Parallelization. Candidate sub-model fits are distributed with future + future.apply. On Unix, multicore is used; on Windows, multisession. A sequential plan is restored afterward.

Plotting. If plot = TRUE, trees are rendered with plotSimmap(); shift IDs are labeled with nodelabels().

Regime VCVs. The returned $VCVs are extracted from the fitted multi-regime model via extractRegimeVCVs and reflect regime-specific covariance estimates (when mvgls is fitted under a PL/ML method).

For high-dimensional trait datasets (p \(\ge\) n), penalized-likelihood settings in mvgls() are often required for stable estimation. In practice, methods such as method = "LL" or method = "H&L" combined with appropriate penalties (e.g., ridge-type penalties) have proven effective for intercept-only multivariate Brownian motion models, as illustrated in the package vignettes. Users should consult the mvMORPH documentation for details on available methods and penalties and tune these choices to the structure of their data.

Note

Internally, this routine coordinates multiple unexported helper functions: generatePaintedTrees, fitMvglsAndExtractGIC.formula, fitMvglsAndExtractBIC.formula, addShiftToModel, removeShiftFromTree, and extractRegimeVCVs. Through these, it may also invoke lower-level utilities such as paintSubTree_mod and paintSubTree_removeShift. These helpers are internal implementation details and are not part of the public API.
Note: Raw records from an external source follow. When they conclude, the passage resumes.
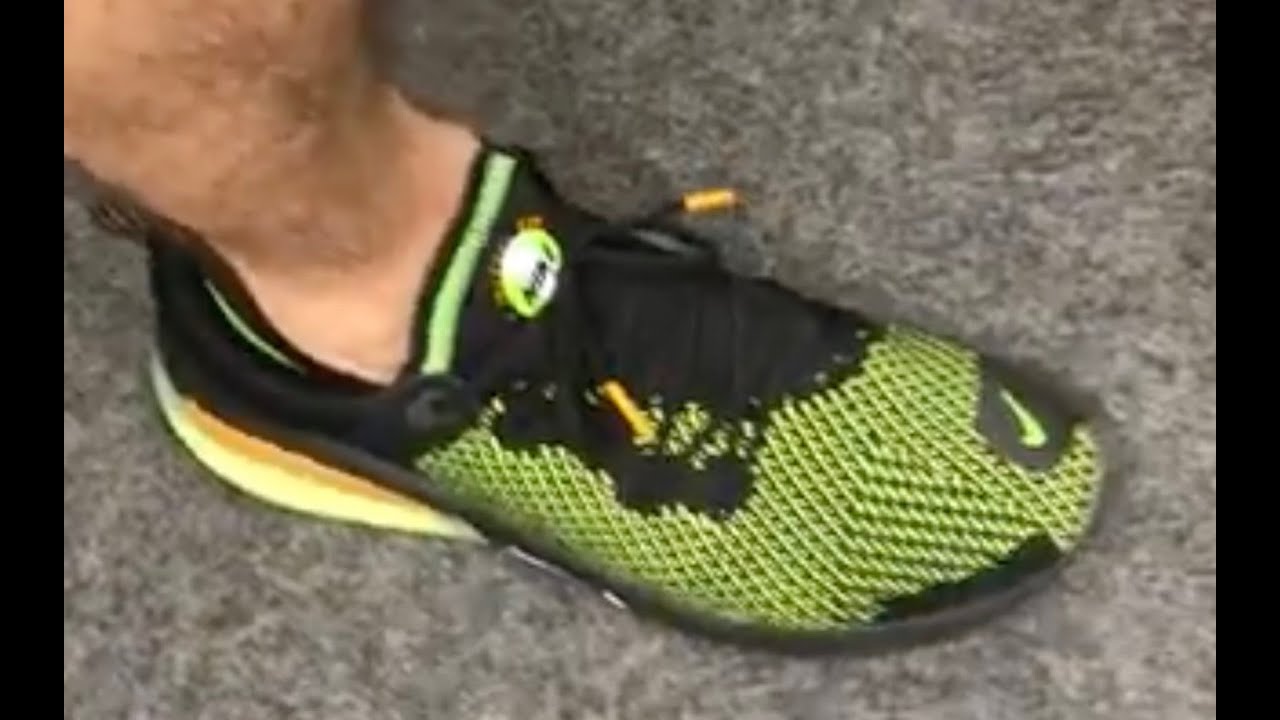 Shopping Wearing My Hot Nike Joyride Running Shoes Without Socks....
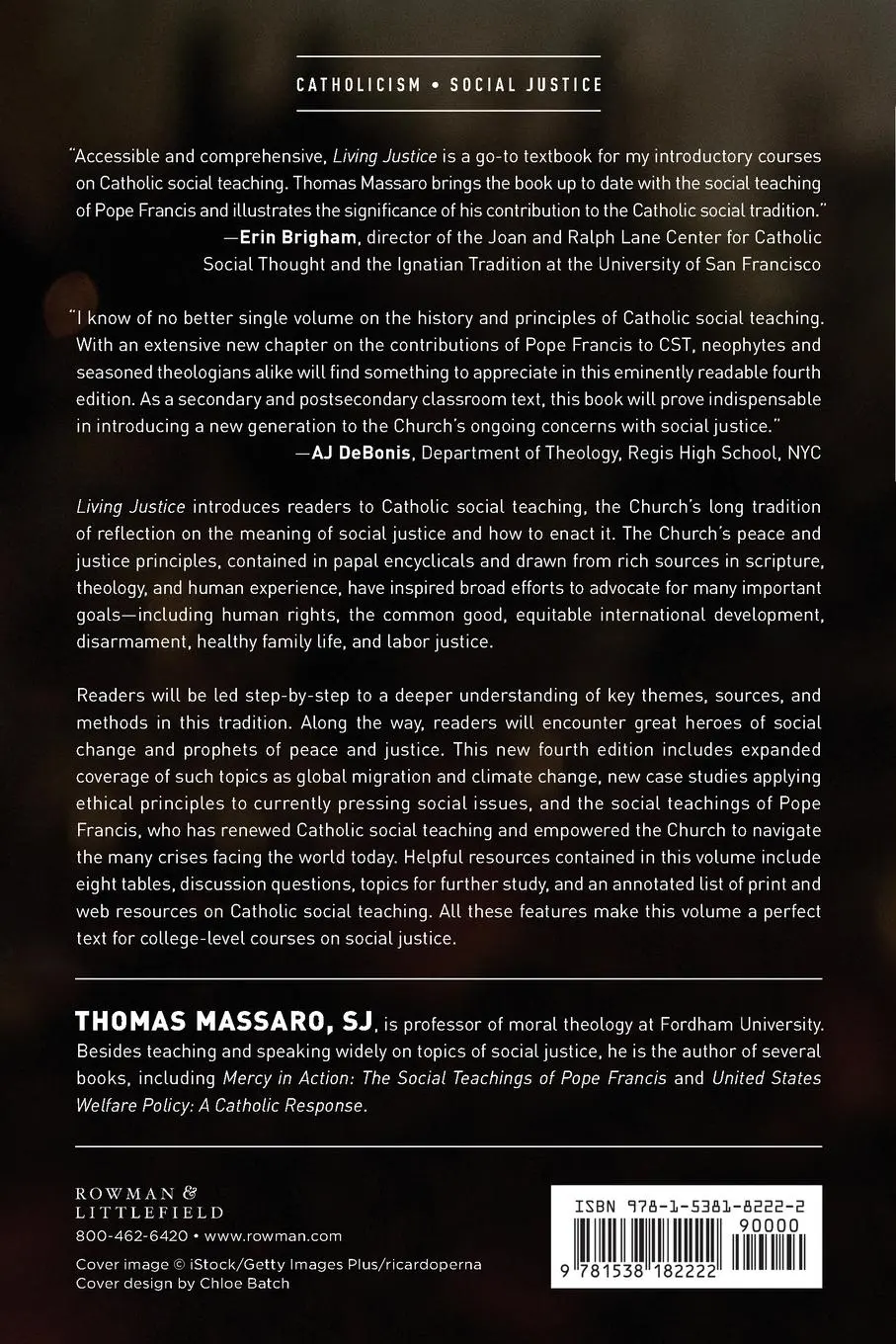Rückseite: 9781538182222 | Living Justice | Catholic Social Teaching in Action | Massaro | Buch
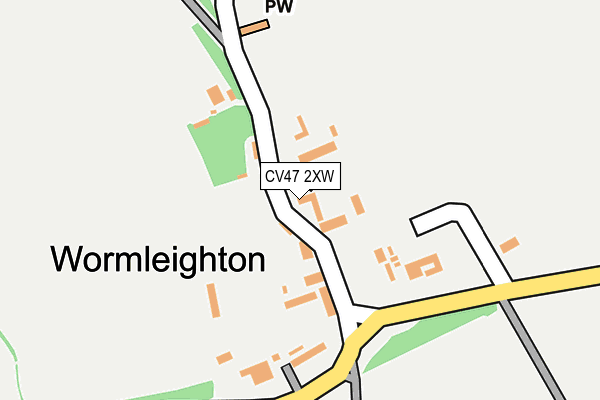 CV47 2XW map - OS OpenMap – Local (Ordnance Survey) CV47 2XW map - OS OpenMap – Local (Ordnance Survey)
Convergence and robustness

The search is greedy and may converge to a local optimum. Use a stricter shift_acceptance_threshold to reduce overfitting, and re-run the search with different min_descendant_tips and IC choices ("GIC" vs "BIC") to assess stability of the inferred shifts. For a given run, the optional IC-weight calculations (uncertaintyweights or uncertaintyweights_par) can be used to quantify support for individual shifts. It is often helpful to repeat the analysis under slightly different settings (e.g., thresholds or candidate-size constraints) and compare the resulting sets of inferred shifts.

See also

mvgls, GIC, BIC, plot_ic_acceptance_matrix for visualizing IC trajectories and shift acceptance decisions, and generateViridisColorScale for mapping regime-specific rates or parameters to a viridis color scale when plotting trees; packages: mvMORPH, future, future.apply, phytools, ape.

Examples

library(ape)
library(phytools)
#> Loading required package: maps
#> 
#> Attaching package: ‘maps’
#> The following object is masked from ‘package:viridis’:
#> 
#>     unemp
library(mvMORPH)
#> Loading required package: corpcor
#> Loading required package: subplex
#> ##
#> ## mvMORPH package (1.2.1)
#> ## Multivariate evolutionary models
#> ##
#> ## See the tutorials: browseVignettes("mvMORPH")
#> ##
#> ## To cite package 'mvMORPH': citation("mvMORPH")
#> ##
set.seed(1)

# Simulate a tree
tr <- pbtree(n = 50, scale = 1)

# Define two regimes: "0" (baseline) and "1" (high-rate) on a subset of tips
states <- setNames(rep("0", Ntip(tr)), tr$tip.label)
high_clade_tips <- tr$tip.label[1:20]
states[high_clade_tips] <- "1"

# Make a SIMMAP tree for the BMM simulation
simmap <- phytools::make.simmap(tr, states, model = "ER", nsim = 1)
#> make.simmap is sampling character histories conditioned on
#> the transition matrix
#> 
#> Q =
#>            0          1
#> 0 -0.3147857  0.3147857
#> 1  0.3147857 -0.3147857
#> (estimated using likelihood);
#> and (mean) root node prior probabilities
#> pi =
#>   0   1 
#> 0.5 0.5 
#> Done.

# Simulate traits under a BMM model with ~10x higher rate in regime "1"
sigma <- list(
  "0" = diag(0.1, 2),
  "1" = diag(1.0, 2)
)
theta <- c(0, 0)

sim <- mvMORPH::mvSIM(
  tree  = simmap,
  nsim  = 1,
  model = "BMM",
  param = list(
    ntraits = 2,
    sigma   = sigma,
    theta   = theta
  )
)

# mvSIM returns either a matrix or a list of matrices depending on mvMORPH version
X <- if (is.list(sim)) sim[[1]] else sim
rownames(X) <- simmap$tip.label

# Run the search on the unpainted tree (single baseline regime)
res <- searchOptimalConfiguration(
  baseline_tree              = as.phylo(simmap),
  trait_data                 = X,
  formula                    = "trait_data ~ 1",
  min_descendant_tips        = 10,
  num_cores                  = 1,   # keep it simple / CRAN-safe
  shift_acceptance_threshold = 20,  # conservative GIC threshold
  IC                         = "GIC",
  plot                       = FALSE,
  store_model_fit_history    = FALSE,
  verbose                    = FALSE
)

res$shift_nodes_no_uncertainty
#> [1] 54
res$optimal_ic - res$baseline_ic
#> [1] -38.3827
str(res$VCVs)
#> List of 2
#>  $ 0: num [1:2, 1:2] 0.129 0 0 0.129
#>  $ 1: num [1:2, 1:2] 0.991 0 0 0.991